Pilgrims: a selection of personal stories from members of St Philip's
by Revd Dr Colin Dundon
My faith journey began in the late 1950s at the parish of Christ Church, Gladesville, Sydney. I come from a working class family that had only peripheral contact with Anglicanism. My maternal grandmother was the only one with a faith commitment that I can remember at that time.
Christ Church was an evangelical church and had an evangelical spirituality that revolved around the prayer book and the Bible. Prayer, mission, the study of theology and care of each other as a community were shared activities and values. The rector and his assistants taught us to lead all such activities, to interpret the bible and to read theology, and then encouraged us to discuss theology and bible in light of science, our studies at university or elsewhere. The idea that Christianity has truth content and thus can contribute to all search for truth and partner such searches was nascent but real.
Commitment to Christ was seen as living discipleship to the risen Jesus and the Holy Spirit was mainly seen as in the prayer book and the one who helped people be holy.
In late 1961 I met the woman who was to become my wife, Joy. Her family introduced me to Christian family life and embraced me wholeheartedly. We married in 1965 and Joy became a dominant influence in my life from then.
I had left school in 1955, became an apprentice then matriculated and worked with CSIRO as a biochemist in food preservation. In 1962 I attended Moore Theological College in Sydney for four years. I did not find this easy as the questioning that I had grown up with was actively discouraged. However, I did have the opportunity learn the biblical languages, and study some classical theologians that began to reshape the theological tradition I was being taught.
After curacies in Sydney we went with Church Missionary Society to Kenya. Our years as missionaries taught us the nature of the gospel as cross-cultural and the social and political nature of the gospel. I studied liberation theology and cross cultural ethics throughout this period. Theological education became the quest to interrogate theory with practice and vice versa (very Marxist and troubling for some). Ministry and spiritual life became a similar quest. The contextual nature of theology and Christian life became prominent in my thinking.

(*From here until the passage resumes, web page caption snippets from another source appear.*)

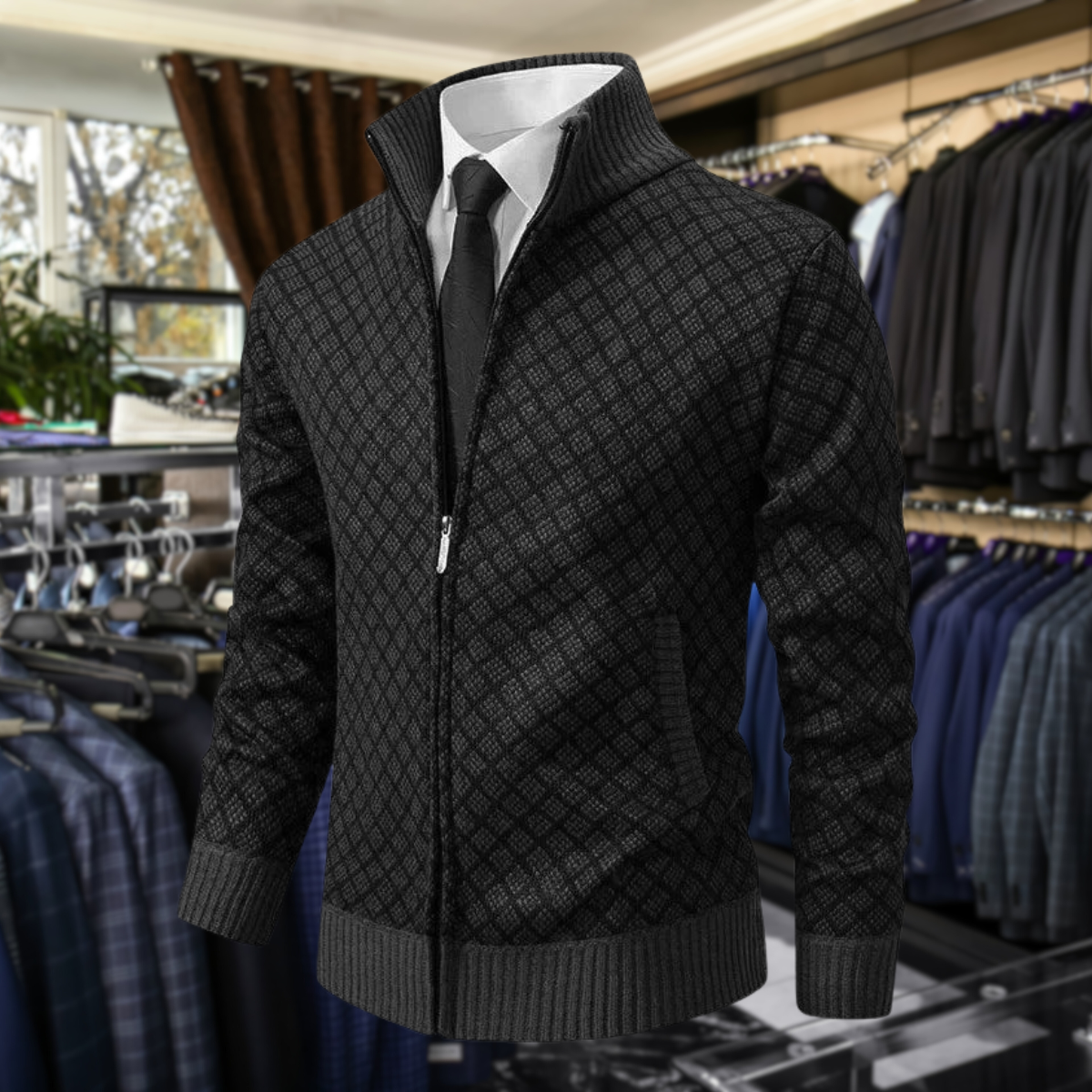 Élanford | Chaqueta Premium de Punto con Cremallera y Acabado Elegante
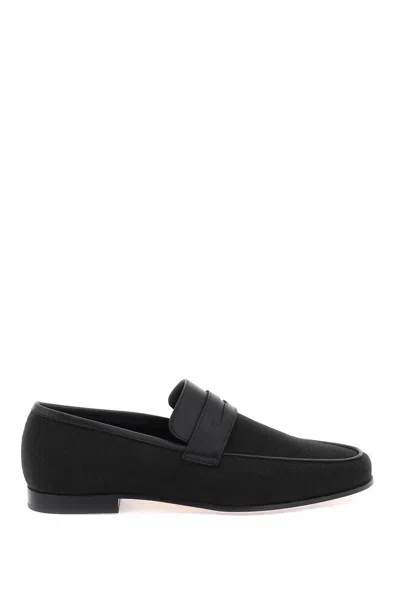 Totême Canvas Penny Loafers In Nero
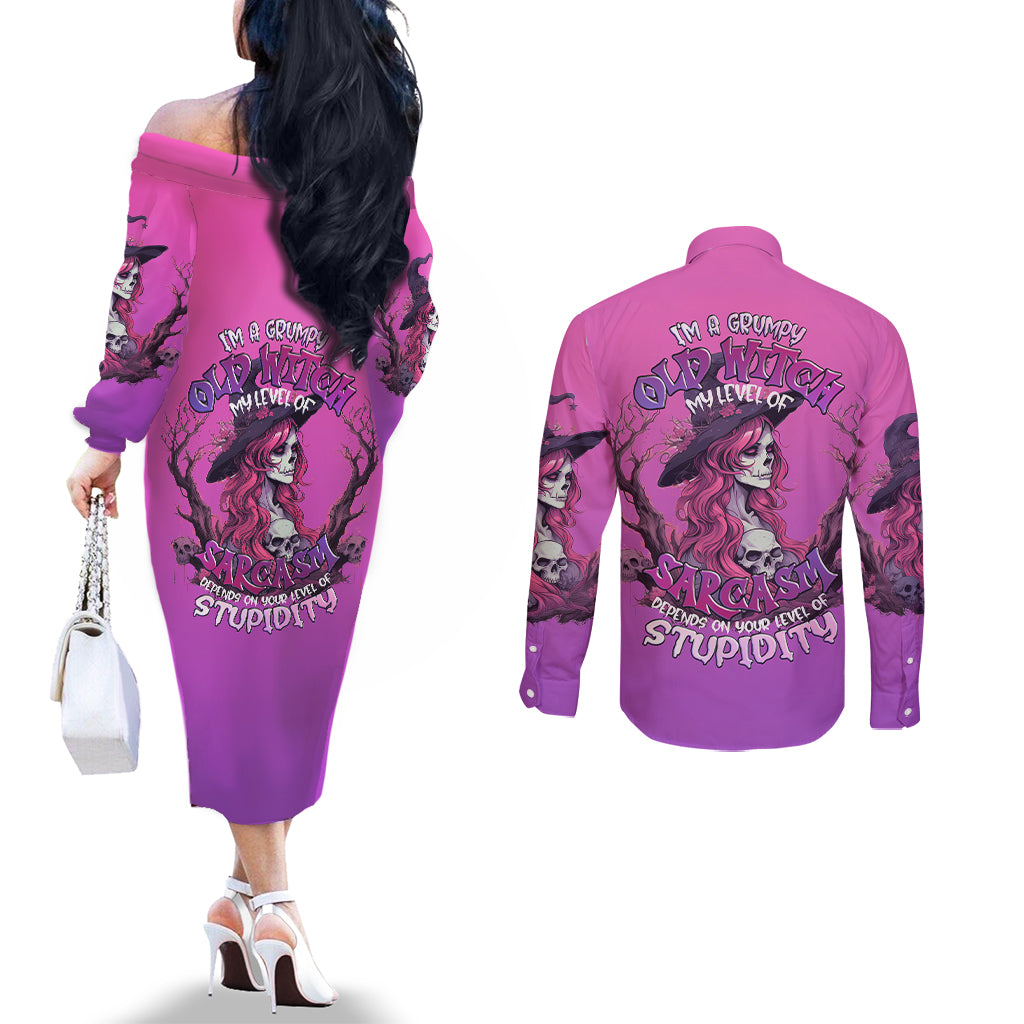 witch-skull-couples-matching-off-the-shoulder-long-sleeve-dress-and-long-sleeve-button-shirts-im-a-grumpy-old-lady-sarcasm-depends-on-your-stupidity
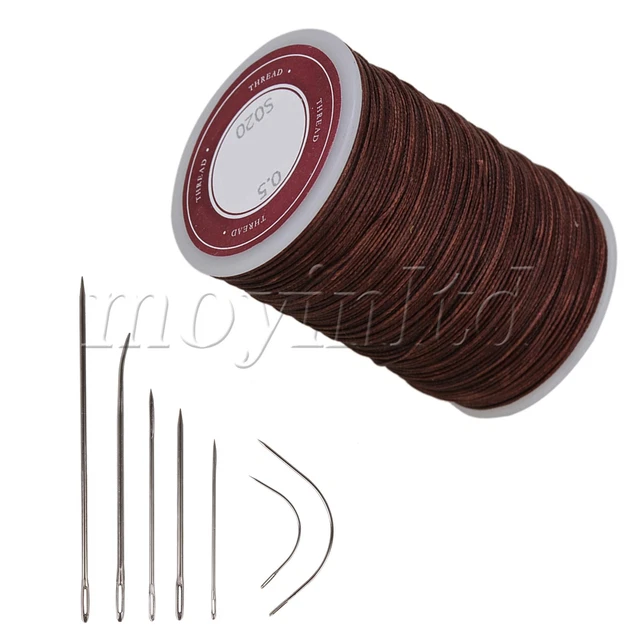 0.5mm Brown Polyester Round Wax Line Sewing Thread Cord for Luggage Handbag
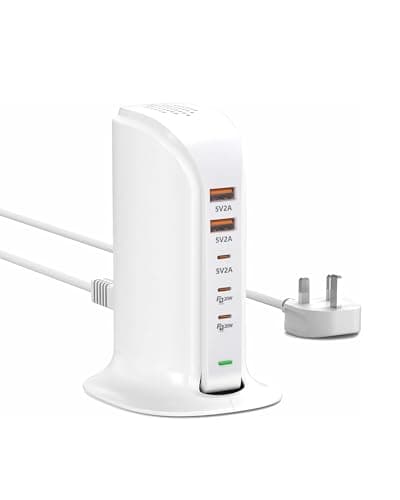 Image of Qurzou USB C Charging Station 55W,Multi USB C Charger Tower,5 Port USB Charging Hub for iPhone 16/15/14/13,Samsung,iPad,etc(white 55W)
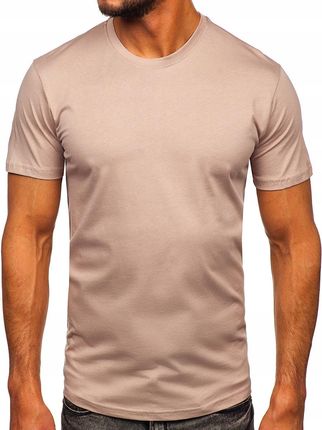 T-shirt Bawełniany Koszulka Męska Bez Nadruku Jasno-brązowa 0001 Denley_xl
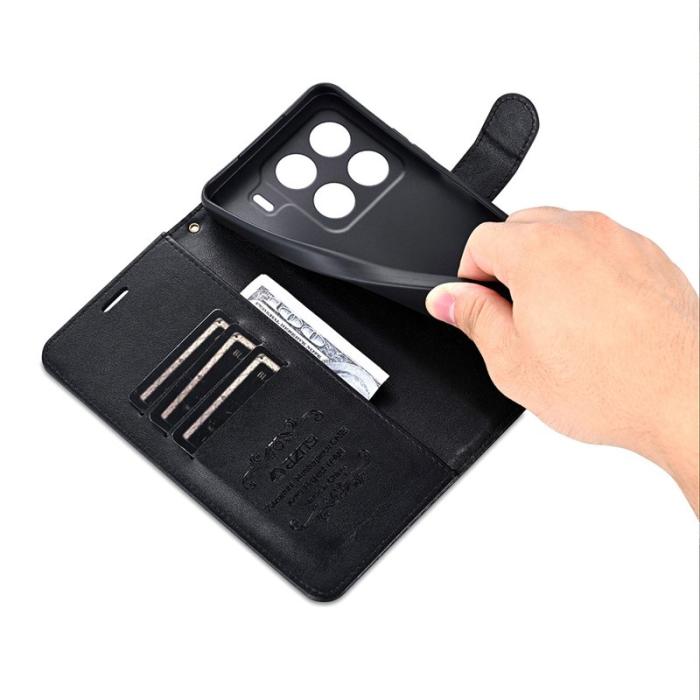 AZNS - AZNS Xiaomi 15 Pro Plånboksfodral Anti-Scratch Konstläder - Svart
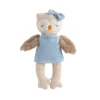 Meet Ollie the Owl, a soft 100% cotton knitted toy with fluffy wings, embroidered features and a cosy blue dress. Perfect for cuddles and sensory play.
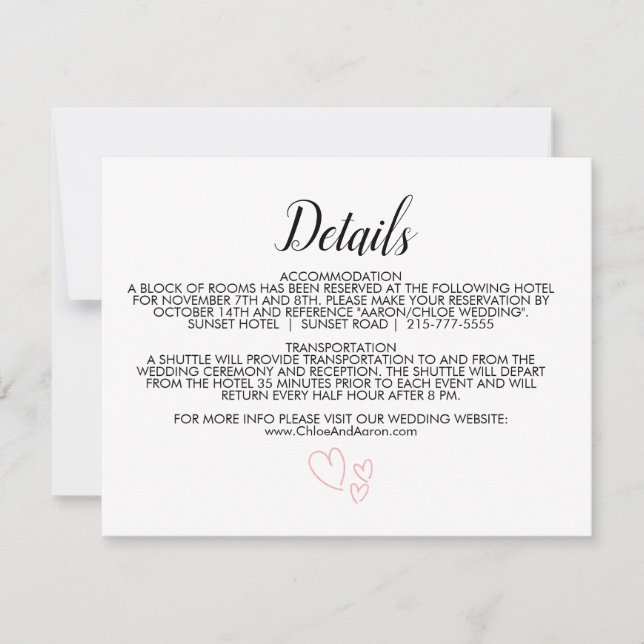 Cartão de Detalhes da Caligrafia Minimalista Delic (Frente)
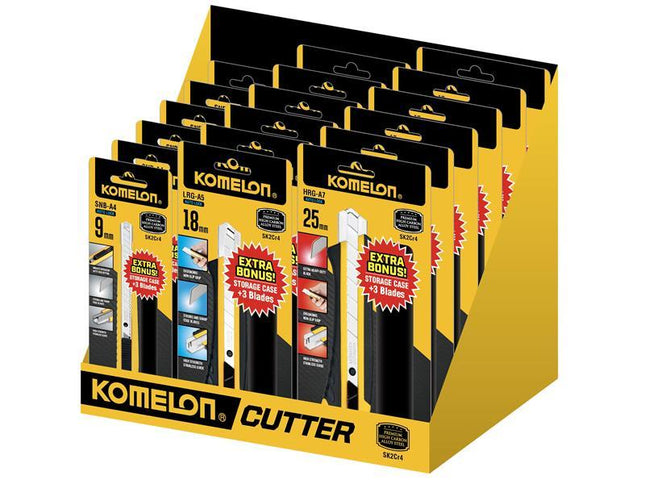 Komelon Snap Off Knife Counter Display Unit 18 Piece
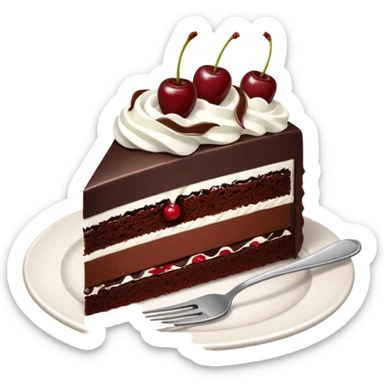 black forest gateau slice with fork and plate sticker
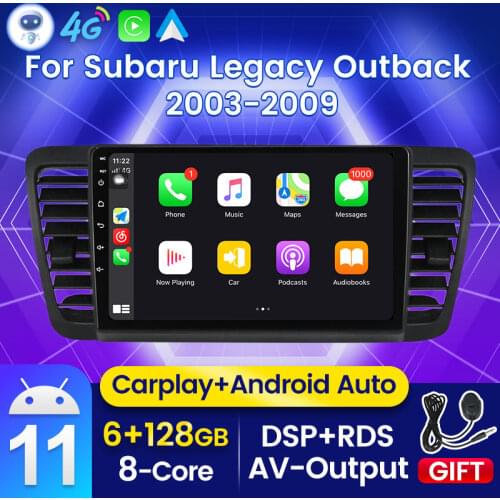 6G RAM 128G ROM Android 11 Auto Radio For Subaru Outback 3 Legacy 4 2003 - 2009 Car Multimedia Player NO 2din DVD WIFI DSP RDS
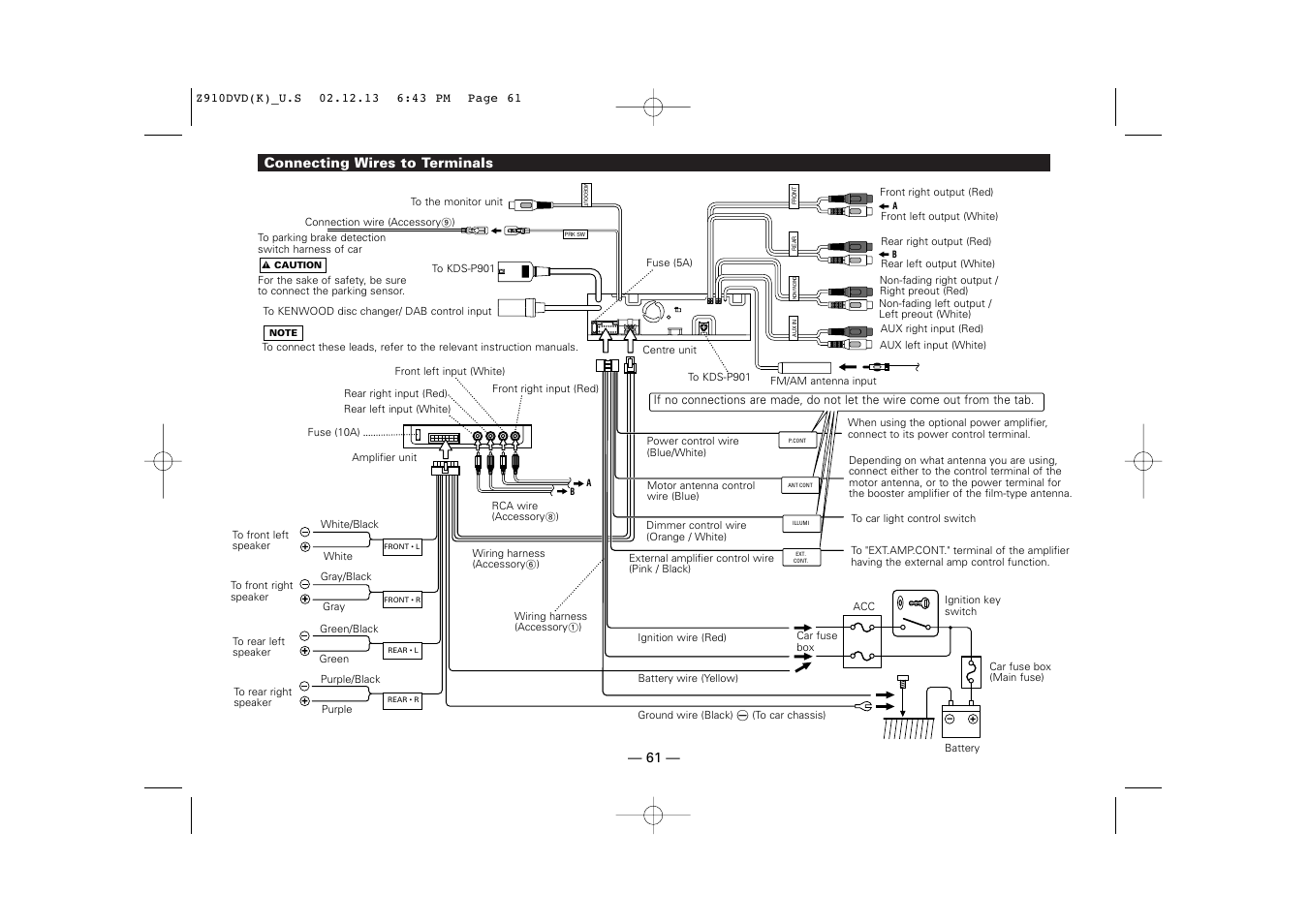 Connecting wires to terminals | Kenwood Z910DVD[R] User Manual | Page 61 / 71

On return to Sydney I tried to work out some of these ideas into practice and found help in the long Christian tradition of spirituality interpreted through some modern counselling frameworks.
In 1990 we came to Canberra to be the Director of St Mark's National Theological Centre. It was a period of uncertainty and transition for the Centre after a long period of conflict. Again, I wanted to reflect on education as wisdom, found in the capacity to see how practice and theory might interrogate each other. How could worship, theology, practice and spirituality form a living matrix for wisdom to work the question, What is the context in which the late modern western church lives out its faith and how does that shape us and our responses?
Those questions come with me into the ministry positions I have held and hold. Truthfulness, mercy, justice, peace, reconciliation form some of the the parameters for God's story of the renewal of the world in Christ and through the Spirit. It is a story worth telling in the market place of ideas in our world and inviting others to join in.
In July 2014 my wife Joy died. My spiritual journey with and through grief is a work in progress. It has taught me the value of a loving Christian community in healing and growth.
In personal life I have three grown children, all successful in their chosen professions, and eight grandchildren.